Left ventricular tissues were collected by snap-freezing and homogenized in PBS at 4°C. The homogenized lysates were centrifuged at 12,000g at 4°C to collect supernatant. The primary cardiomyocytes were cultured in M199 with indicated treatments, and culture medium was collected. Lactate concentration was determined using an L-Lactate Assay Kit (Trinity Biotech, 736-10). Intracellular NAD(H) level and glutathione were determined by an EnzyChrom NAD⁺/NADH Assay Kit (Bioassay Systems, E2ND-100) and a GSH/GSSG Ratio Detection Assay Kit (Abcam, ab239709), respectively, according to the manufacturers’ protocols. To assay glycogen level, hearts were harvested 7 days after MI or sham surgery. Mice were fasted for 8 hours before tissue harvesting. Ventricular tissues were quickly excised and briefly washed with cold 0.9% NaCl before snap-freezing. Glycogen was separated from exogenous glucose in 10 mg cardiac tissue by an alkaline extraction procedure and measured using a commercially available kit (BioVision, catalog k960-400).

Glycolytic enzyme activity assay.

The primary cardiomyocytes were cultured in M199 with indicated treatments, and the cells were harvested in 0.1 M KPO₄ buffer (pH 7.5) and immediately freeze-thawed using liquid nitrogen 3 times to release intracellular proteins. Subsequently, lysates were centrifuged for 10 minutes at 12,000g at 4°C to collect supernatant.
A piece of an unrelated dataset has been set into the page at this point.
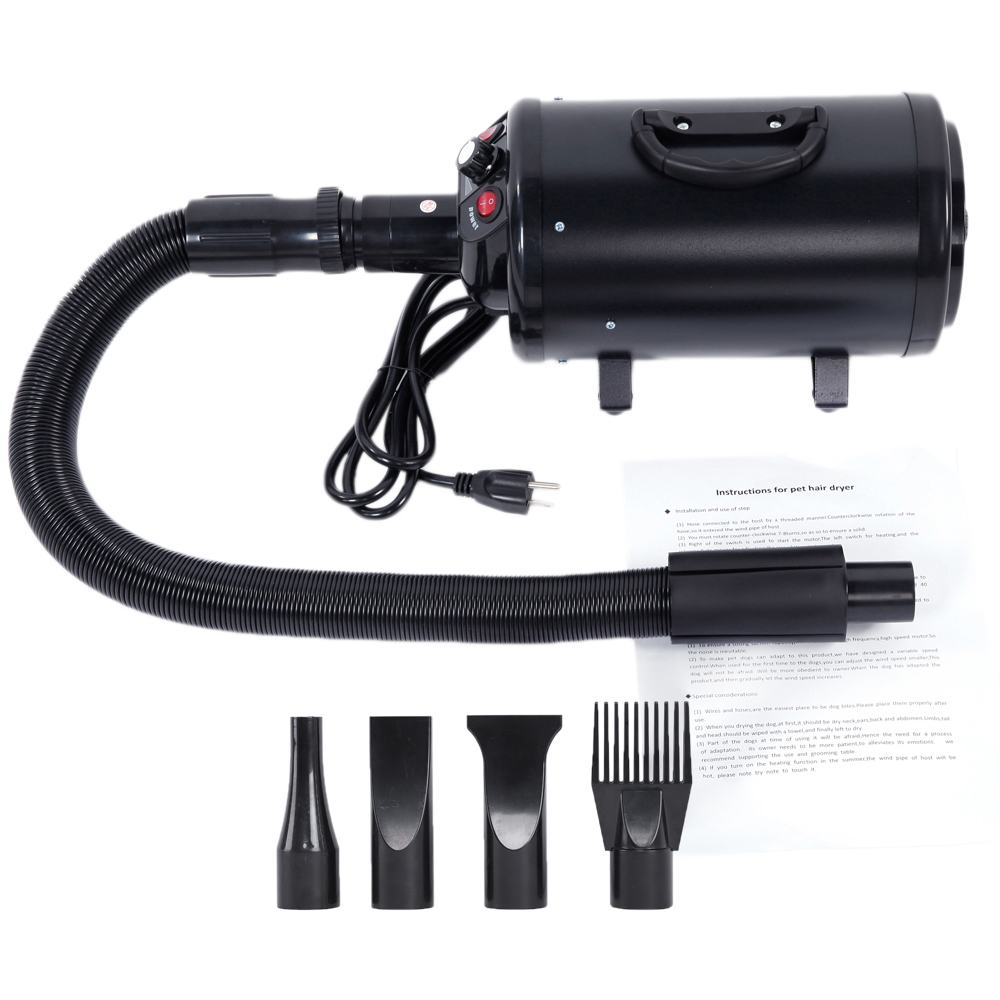 120V 2800W Portable Dog Cat Pet Groomming Blow Hair Dryer Quick Draw Hairdryer US Standard Warm Wind Secad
The reaction mixture contained 1.9 mL of the assay buffer (0.15 M CAPS, pH 10.0), 0.5 mL of 6 mM NAD⁺ solution, 0.5 mL of 0.15 M l-lactate solution, and 0.1 mL of supernatant plus water in a total volume of 3 mL, and the absorption at 340 nm was measured for 5 minutes. The ratio of supernatant to water was decided by the absorption rate at A₃₄₀ (0.1 or 0.2 per minute). The LDH activity was determined via measurement of the conversion of NAD⁺ to NADH. The results were normalized to the protein content. The protein concentrations were quantified by bicinchoninic acid (BCA) assay. The GAPDH activity was determined by a KDalert GAPDH Assay Kit (Life Technologies, AM1639) according to the manufacturer’s protocol.

ATP synthesis rate.

The ATP synthesis rate was determined in digitonin-permeabilized cardiomyocytes (55). ATP content at multiple time points was determined using an ATP Bioluminescence Assay Kit CLS II (Roche, 11699695001) to assess the linear rate of ATP synthesis (7).

Cell imaging.

To monitor the generation of mitochondrial ROS (mtROS) in real time, cardiomyocytes were stained with 5 μM MitoSOX (Molecular Probes) in M199 medium for 15 minutes. To assay ATPase activity in real time, cardiomyocytes were stained with 5 μM MgGreen (Invitrogen) in M199 medium for 30 minutes in a CO₂ incubator. The live cardiomyocytes were subsequently cultured in cardiomyocyte isolation buffer (118 mM NaCl, 4.8 mM KCl, 1.2 mM KH₂PO₄, 1.2 mM MgSO₄·7H₂O, 11 mM glucose, and 25 mM HEPES, pH 7.4). To observe EGFP-HIF1α (http://www.addgene.org/87204/) localization induced by ATPIF1, transfected cells were fixed with 4% paraformaldehyde in PBS for 15 minutes and then permeabilized with 0.1% Triton X-100 in PBS for 30 minutes at room temperature. Cells were stained with 200 nM DAPI for 30 minutes, and fluorescent signals of the cells were examined using a Leica TCS SP8 confocal microscope.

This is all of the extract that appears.